End the Era of World Peace

And that settles it.
The NBA – and David Stern specifically – have no spine.
There is no other conclusion to be made regarding the league and the man in charge after they took more than 48 hours to decide that Metta World Peace (the artist formerly known as Ron Artest) should receive a pathetic seven-game suspension for his vicious elbow to the head of James Harden on Sunday.
I read one columnist describe it as an “incident that was as ugly as they come in sports. Vicious, violent and wholly unnecessary.”
Man, that sounds oddly familiar.
Oh, right, World Peace was anything but peaceful during the Malace at the Palace in 2004. He was, however, vicious, violent and wholly unnecessary.
When are people going to get it?

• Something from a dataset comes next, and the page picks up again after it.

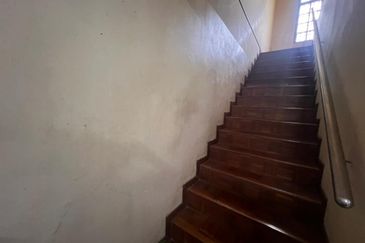 Kulai Saleng / Taman Mesra / Jalan Cermai / Extra Long Double Storey House 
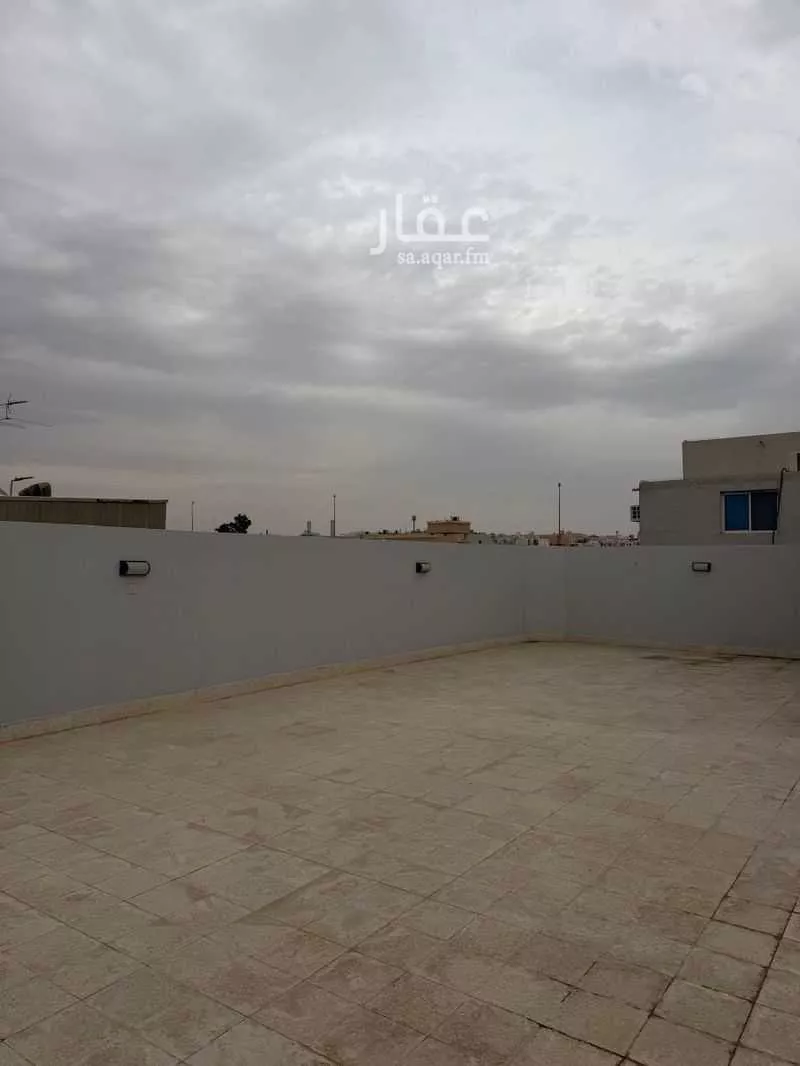 7 bedroom villa in Al Maseef, Riyadh 9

Rometta World Peaceatest is certifiably insane. And he has no business in a public forum to display his crazy.
Remember the speech from Nicole Kidman to Tom Cruise in “Days of Thunder” when he’s chasing the taxi cab? After she tries to bail out of a moving vehicle traveling at high speed, he follows her on foot and she breaks it down for him: He’s an infantile egomaniac and he’s scared. Control is an optical illusion that most people learn to cope with. And once you get a glimpse of it, the fear of the unknown sets in.
And Ron Artest is one scared individual.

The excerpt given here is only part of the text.